• [How to complete this task]
What lines in the records include the string "High"? Return each one.

[Recorded data]

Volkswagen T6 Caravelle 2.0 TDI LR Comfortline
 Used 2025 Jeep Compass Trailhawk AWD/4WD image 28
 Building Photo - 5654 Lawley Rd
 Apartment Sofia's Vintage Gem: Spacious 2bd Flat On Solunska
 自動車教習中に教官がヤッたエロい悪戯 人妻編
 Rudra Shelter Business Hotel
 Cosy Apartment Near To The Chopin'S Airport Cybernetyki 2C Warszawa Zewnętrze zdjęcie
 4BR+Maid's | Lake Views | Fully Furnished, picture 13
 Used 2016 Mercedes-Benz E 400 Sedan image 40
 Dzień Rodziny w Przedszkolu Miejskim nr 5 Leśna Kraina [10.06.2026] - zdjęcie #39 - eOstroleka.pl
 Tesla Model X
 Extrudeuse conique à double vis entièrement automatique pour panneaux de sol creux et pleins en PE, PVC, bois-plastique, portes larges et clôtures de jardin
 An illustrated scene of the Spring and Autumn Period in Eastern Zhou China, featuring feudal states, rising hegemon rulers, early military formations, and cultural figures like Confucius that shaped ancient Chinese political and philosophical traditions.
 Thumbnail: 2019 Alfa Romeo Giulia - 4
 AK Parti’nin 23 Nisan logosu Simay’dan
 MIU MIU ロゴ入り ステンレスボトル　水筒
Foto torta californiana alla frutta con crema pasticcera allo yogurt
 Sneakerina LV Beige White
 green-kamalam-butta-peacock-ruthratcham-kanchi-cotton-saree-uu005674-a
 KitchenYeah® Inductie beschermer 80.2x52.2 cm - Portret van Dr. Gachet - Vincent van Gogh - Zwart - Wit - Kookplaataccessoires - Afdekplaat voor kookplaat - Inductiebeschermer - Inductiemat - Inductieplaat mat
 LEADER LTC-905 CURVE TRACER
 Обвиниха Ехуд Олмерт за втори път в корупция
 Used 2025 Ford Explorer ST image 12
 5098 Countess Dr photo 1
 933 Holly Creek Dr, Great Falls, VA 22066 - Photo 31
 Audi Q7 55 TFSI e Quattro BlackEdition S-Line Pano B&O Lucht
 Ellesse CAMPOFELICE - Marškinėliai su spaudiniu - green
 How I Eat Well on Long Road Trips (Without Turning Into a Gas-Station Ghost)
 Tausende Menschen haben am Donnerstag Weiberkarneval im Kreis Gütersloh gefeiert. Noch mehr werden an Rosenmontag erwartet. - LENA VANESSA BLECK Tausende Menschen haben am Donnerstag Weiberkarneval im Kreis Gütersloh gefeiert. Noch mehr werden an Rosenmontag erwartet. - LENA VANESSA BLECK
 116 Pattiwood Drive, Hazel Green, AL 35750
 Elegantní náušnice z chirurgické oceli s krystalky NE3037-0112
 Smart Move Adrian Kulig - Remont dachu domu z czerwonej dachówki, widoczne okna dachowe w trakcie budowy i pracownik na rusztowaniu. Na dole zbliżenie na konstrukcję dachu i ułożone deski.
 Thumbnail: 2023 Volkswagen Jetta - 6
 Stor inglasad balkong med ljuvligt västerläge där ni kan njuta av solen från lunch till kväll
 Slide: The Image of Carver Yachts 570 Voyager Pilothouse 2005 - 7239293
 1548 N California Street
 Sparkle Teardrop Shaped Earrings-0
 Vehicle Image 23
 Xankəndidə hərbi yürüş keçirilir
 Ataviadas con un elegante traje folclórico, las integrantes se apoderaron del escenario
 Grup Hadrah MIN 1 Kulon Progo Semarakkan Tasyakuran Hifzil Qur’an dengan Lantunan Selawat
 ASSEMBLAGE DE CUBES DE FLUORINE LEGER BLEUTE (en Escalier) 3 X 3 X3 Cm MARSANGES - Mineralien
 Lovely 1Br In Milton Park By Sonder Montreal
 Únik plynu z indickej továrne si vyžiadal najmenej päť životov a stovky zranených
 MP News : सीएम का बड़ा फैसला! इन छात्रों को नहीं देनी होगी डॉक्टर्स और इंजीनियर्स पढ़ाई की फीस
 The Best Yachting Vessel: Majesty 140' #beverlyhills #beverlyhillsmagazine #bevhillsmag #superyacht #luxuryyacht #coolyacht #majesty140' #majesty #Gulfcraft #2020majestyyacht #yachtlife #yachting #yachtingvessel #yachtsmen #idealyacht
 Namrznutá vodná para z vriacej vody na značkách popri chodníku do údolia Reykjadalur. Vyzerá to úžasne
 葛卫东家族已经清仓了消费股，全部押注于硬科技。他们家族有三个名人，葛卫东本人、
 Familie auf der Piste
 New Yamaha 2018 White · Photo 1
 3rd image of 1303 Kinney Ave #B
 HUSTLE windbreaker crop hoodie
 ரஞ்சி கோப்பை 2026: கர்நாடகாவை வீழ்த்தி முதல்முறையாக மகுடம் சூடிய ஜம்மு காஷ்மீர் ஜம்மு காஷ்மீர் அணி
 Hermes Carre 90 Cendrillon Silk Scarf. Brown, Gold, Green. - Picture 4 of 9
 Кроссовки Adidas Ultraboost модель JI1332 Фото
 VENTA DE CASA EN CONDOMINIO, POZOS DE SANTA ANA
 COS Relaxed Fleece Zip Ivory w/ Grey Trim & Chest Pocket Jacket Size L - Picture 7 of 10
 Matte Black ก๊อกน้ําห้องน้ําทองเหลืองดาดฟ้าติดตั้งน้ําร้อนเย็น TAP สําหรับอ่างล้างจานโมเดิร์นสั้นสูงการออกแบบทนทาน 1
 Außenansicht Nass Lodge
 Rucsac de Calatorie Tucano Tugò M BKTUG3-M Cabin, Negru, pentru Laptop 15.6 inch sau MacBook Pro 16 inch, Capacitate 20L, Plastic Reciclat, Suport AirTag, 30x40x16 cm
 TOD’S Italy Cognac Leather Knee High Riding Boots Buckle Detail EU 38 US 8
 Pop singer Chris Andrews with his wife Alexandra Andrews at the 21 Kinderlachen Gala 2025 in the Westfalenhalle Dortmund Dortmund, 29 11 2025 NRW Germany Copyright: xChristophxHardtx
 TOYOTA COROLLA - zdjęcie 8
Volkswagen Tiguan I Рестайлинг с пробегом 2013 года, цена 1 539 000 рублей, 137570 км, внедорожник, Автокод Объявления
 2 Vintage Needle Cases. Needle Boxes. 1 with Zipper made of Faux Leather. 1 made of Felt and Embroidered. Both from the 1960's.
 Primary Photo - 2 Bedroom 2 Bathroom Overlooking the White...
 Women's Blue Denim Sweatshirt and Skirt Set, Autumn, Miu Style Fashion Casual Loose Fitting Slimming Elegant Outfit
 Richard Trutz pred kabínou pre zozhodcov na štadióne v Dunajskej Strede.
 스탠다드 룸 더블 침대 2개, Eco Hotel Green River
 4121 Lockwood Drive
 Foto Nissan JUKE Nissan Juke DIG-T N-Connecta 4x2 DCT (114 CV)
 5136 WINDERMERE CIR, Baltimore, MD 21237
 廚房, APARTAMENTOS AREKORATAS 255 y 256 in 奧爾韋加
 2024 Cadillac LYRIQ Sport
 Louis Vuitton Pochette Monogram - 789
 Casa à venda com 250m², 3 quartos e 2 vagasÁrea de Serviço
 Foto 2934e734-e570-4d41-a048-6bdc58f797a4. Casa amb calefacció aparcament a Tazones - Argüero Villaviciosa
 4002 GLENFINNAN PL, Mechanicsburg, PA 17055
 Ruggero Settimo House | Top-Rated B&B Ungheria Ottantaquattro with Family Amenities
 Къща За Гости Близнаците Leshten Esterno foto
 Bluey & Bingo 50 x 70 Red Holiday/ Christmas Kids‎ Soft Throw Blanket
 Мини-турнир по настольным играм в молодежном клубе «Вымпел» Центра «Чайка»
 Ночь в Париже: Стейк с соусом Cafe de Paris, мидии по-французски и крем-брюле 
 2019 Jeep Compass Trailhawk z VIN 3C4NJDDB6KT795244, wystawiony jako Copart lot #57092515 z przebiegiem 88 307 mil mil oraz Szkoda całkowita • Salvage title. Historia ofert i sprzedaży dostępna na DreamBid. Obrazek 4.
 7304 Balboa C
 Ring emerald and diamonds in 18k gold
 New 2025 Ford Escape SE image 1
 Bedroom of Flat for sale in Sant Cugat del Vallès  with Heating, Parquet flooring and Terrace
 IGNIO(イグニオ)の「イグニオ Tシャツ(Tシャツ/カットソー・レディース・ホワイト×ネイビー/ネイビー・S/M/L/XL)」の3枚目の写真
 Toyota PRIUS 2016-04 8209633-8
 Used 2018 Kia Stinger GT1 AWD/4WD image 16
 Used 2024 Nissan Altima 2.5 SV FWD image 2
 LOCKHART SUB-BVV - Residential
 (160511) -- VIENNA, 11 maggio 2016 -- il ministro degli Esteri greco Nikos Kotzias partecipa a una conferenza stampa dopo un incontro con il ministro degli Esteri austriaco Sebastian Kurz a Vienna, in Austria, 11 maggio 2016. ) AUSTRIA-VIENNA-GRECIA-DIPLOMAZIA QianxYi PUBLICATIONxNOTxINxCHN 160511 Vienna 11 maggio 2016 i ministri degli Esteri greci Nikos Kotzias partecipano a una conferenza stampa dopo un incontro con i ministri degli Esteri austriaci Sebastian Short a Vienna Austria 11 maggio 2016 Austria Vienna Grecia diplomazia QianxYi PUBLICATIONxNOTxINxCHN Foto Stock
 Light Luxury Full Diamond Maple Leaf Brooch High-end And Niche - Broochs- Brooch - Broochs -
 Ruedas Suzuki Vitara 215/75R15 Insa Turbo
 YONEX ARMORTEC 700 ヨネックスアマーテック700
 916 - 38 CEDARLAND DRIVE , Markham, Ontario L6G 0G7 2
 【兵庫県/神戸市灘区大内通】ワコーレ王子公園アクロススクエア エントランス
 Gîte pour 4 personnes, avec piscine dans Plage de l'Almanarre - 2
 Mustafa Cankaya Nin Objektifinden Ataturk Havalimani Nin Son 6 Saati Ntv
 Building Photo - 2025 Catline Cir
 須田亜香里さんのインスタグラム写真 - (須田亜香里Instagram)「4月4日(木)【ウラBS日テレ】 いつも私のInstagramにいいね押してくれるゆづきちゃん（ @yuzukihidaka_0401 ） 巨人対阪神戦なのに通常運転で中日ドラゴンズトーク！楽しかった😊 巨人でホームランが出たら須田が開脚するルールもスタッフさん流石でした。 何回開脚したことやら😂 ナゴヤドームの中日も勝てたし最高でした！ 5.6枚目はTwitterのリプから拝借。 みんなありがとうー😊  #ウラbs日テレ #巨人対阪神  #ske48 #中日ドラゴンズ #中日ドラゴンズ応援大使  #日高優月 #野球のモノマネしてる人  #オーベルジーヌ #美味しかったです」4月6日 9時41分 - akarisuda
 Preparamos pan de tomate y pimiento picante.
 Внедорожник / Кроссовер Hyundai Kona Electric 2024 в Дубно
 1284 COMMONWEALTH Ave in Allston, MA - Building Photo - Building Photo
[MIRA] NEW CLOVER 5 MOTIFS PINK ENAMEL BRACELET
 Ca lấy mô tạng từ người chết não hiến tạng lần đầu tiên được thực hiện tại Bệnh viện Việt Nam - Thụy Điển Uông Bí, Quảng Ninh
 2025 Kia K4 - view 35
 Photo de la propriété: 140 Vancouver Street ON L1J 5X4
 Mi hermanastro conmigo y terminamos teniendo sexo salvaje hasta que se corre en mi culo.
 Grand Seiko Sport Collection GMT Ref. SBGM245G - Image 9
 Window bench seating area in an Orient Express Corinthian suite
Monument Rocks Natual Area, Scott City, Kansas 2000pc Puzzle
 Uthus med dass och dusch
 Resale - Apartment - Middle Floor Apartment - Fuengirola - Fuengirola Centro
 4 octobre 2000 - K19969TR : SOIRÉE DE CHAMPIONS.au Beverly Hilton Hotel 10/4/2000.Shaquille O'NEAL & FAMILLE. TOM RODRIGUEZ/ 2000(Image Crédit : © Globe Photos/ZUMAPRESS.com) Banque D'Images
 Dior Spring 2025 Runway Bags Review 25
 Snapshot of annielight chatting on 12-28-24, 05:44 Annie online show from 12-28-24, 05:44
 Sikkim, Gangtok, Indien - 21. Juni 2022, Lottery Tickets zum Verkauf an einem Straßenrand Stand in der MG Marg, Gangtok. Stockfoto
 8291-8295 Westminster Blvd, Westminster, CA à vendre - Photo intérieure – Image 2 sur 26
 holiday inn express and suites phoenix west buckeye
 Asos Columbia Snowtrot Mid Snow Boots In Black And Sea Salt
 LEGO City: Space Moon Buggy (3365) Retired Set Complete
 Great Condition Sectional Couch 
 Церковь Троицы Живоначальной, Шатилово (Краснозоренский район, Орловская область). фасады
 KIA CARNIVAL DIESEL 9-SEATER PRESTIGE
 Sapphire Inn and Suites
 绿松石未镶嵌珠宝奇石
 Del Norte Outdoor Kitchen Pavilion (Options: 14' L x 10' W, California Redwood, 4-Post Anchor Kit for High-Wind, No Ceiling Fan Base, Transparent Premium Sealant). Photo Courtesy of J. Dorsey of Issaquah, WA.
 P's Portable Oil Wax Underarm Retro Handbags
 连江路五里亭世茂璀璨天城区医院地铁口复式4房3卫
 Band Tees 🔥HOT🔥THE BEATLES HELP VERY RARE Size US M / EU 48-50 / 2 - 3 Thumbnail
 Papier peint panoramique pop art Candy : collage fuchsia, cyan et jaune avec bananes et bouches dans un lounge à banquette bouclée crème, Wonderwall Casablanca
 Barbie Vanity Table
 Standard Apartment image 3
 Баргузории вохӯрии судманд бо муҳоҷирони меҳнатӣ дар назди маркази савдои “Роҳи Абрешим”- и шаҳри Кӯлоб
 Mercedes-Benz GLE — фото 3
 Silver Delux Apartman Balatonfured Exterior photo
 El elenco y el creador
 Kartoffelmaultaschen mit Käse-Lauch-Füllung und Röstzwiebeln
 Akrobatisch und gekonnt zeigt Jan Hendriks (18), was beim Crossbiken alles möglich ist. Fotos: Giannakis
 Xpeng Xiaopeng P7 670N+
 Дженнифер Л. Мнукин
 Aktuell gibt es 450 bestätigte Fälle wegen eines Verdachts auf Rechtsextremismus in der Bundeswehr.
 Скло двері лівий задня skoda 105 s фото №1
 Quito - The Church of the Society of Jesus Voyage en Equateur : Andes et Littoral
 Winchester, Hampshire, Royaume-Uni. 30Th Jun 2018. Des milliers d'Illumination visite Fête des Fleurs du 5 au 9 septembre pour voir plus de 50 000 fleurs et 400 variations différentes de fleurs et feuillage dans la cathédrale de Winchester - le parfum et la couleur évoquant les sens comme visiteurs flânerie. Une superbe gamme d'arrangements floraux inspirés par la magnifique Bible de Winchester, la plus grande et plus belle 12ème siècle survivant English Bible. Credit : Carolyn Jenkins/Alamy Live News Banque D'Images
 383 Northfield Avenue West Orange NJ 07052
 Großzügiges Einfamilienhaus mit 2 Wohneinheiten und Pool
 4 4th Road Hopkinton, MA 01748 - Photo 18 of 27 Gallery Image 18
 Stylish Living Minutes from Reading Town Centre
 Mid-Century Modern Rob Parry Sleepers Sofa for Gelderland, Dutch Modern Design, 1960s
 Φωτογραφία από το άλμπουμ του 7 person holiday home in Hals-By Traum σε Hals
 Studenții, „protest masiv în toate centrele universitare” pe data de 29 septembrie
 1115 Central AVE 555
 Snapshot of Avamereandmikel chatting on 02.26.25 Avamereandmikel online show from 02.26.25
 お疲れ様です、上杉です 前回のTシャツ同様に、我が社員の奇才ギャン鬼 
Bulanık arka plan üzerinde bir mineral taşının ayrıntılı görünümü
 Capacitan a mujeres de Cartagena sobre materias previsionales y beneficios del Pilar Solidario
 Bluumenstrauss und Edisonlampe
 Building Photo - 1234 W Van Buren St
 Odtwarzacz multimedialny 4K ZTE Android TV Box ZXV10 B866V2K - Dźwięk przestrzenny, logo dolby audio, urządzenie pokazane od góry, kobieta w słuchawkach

• [The answer]
 TOD’S Italy Cognac Leather Knee High Riding Boots Buckle Detail EU 38 US 8
 Light Luxury Full Diamond Maple Leaf Brooch High-end And Niche - Broochs- Brooch - Broochs -
 Del Norte Outdoor Kitchen Pavilion (Options: 14' L x 10' W, California Redwood, 4-Post Anchor Kit for High-Wind, No Ceiling Fan Base, Transparent Premium Sealant). Photo Courtesy of J. Dorsey of Issaquah, WA.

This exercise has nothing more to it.